* [Work instruction]: Every record below should be copied exactly, with the pictures left out.

___

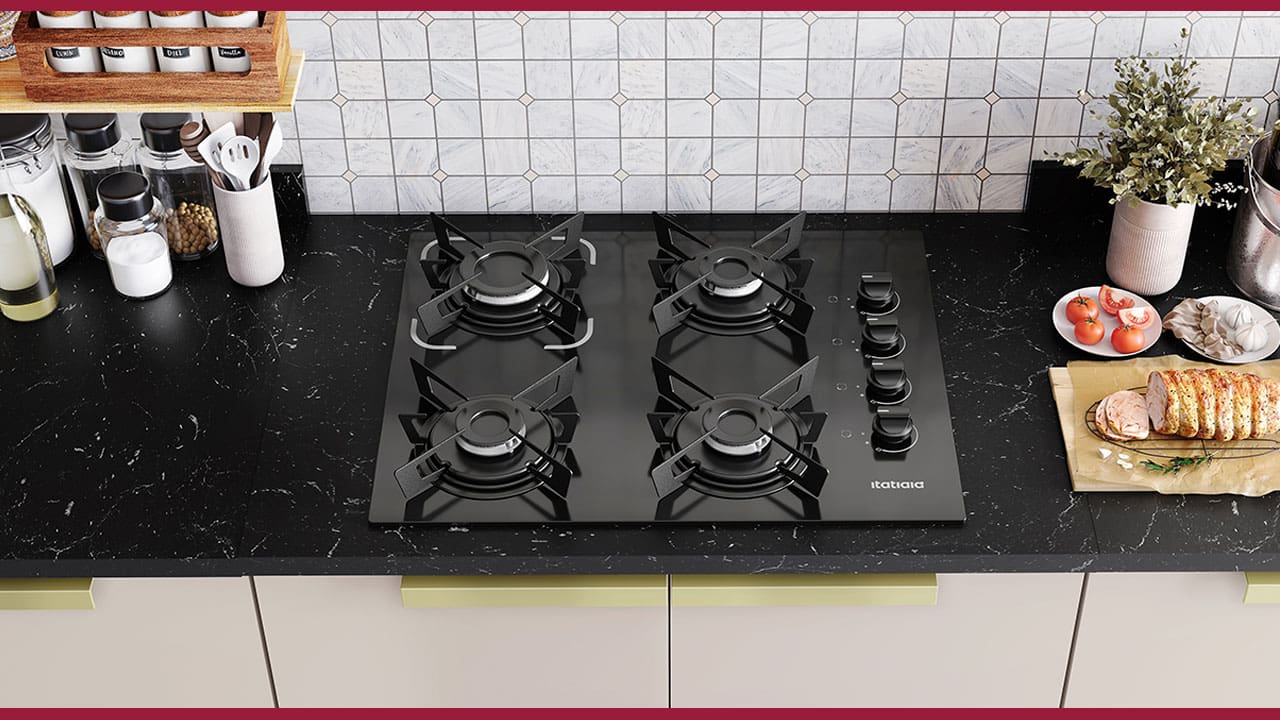 imagem mostra o cooktop visto de cima em uma bancada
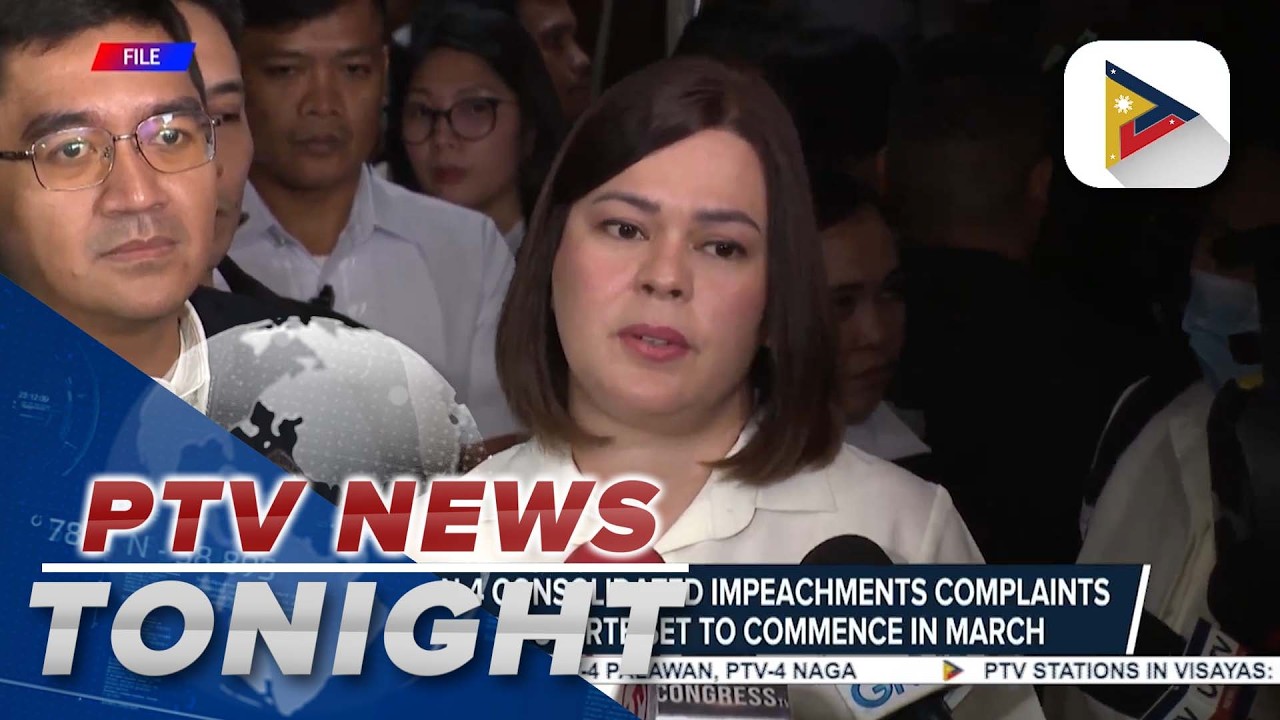 Hearings on 4 consolidated impeachment complaints vs. VP Sara Duterte set to commence in March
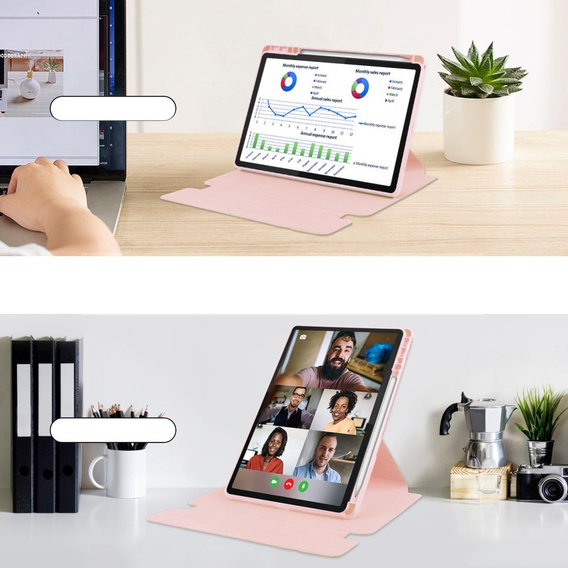 Husă pentru tastatură pentru Lenovo Tab M11, Rotary 360° Leather, roz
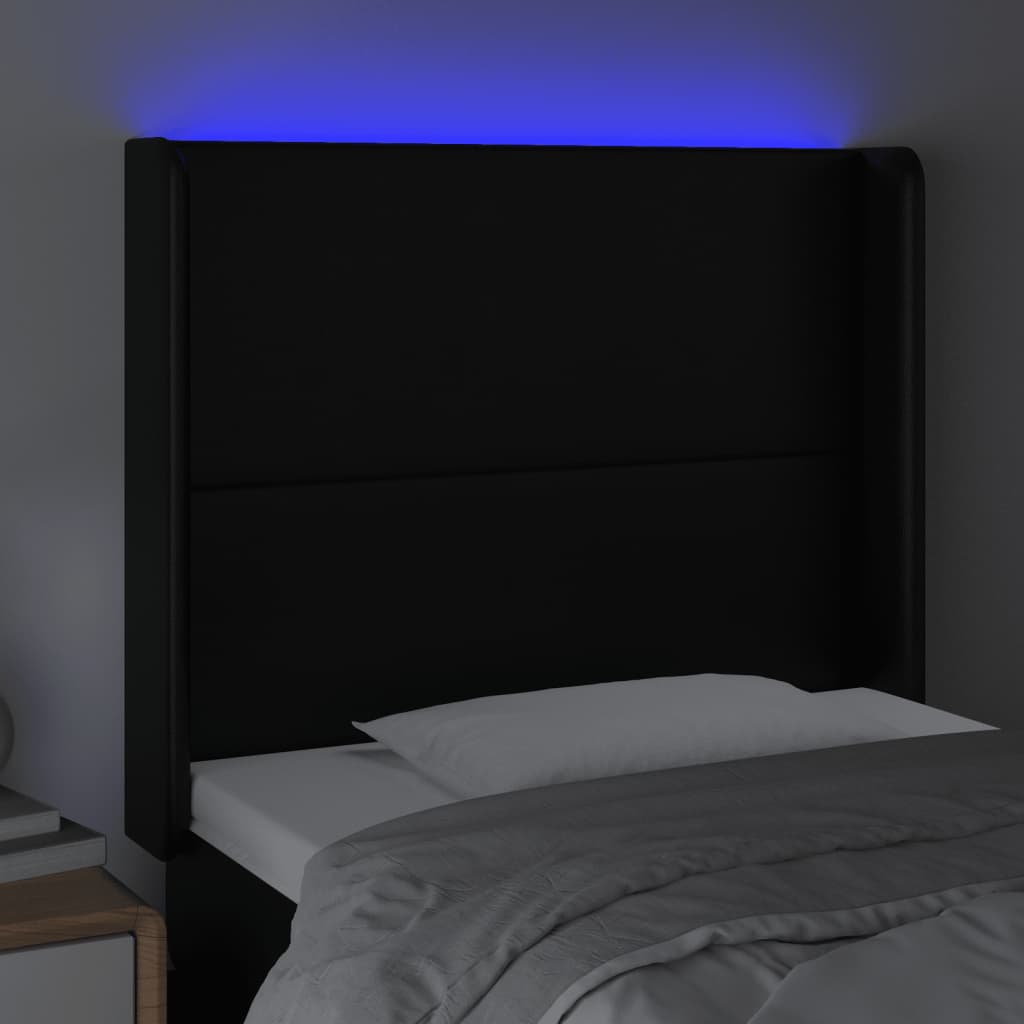 Cabeceira de cama c/ LED couro artificial 93x16x118/128cm preto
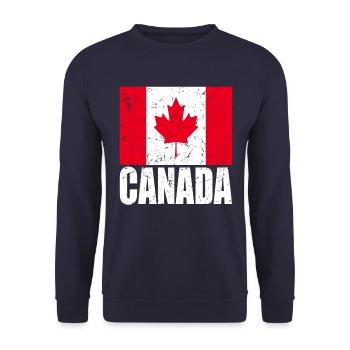 Canada Flag - Unisex Sweatshirt - navy - Front - Alina (178cm) & Michal (187cm)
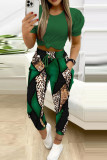 Blue Casual Leopard Print Bandage Patchwork Pocket O Neck Short Sleeve Two Pieces Crop Top And Pants Sets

___

* [Reply]:
 imagem mostra o cooktop visto de cima em uma bancada
 Hearings on 4 consolidated impeachment complaints vs. VP Sara Duterte set to commence in March
 Husă pentru tastatură pentru Lenovo Tab M11, Rotary 360° Leather, roz
 Cabeceira de cama c/ LED couro artificial 93x16x118/128cm preto
 Canada Flag - Unisex Sweatshirt - navy - Front - Alina (178cm) & Michal (187cm)
 Blue Casual Leopard Print Bandage Patchwork Pocket O Neck Short Sleeve Two Pieces Crop Top And Pants Sets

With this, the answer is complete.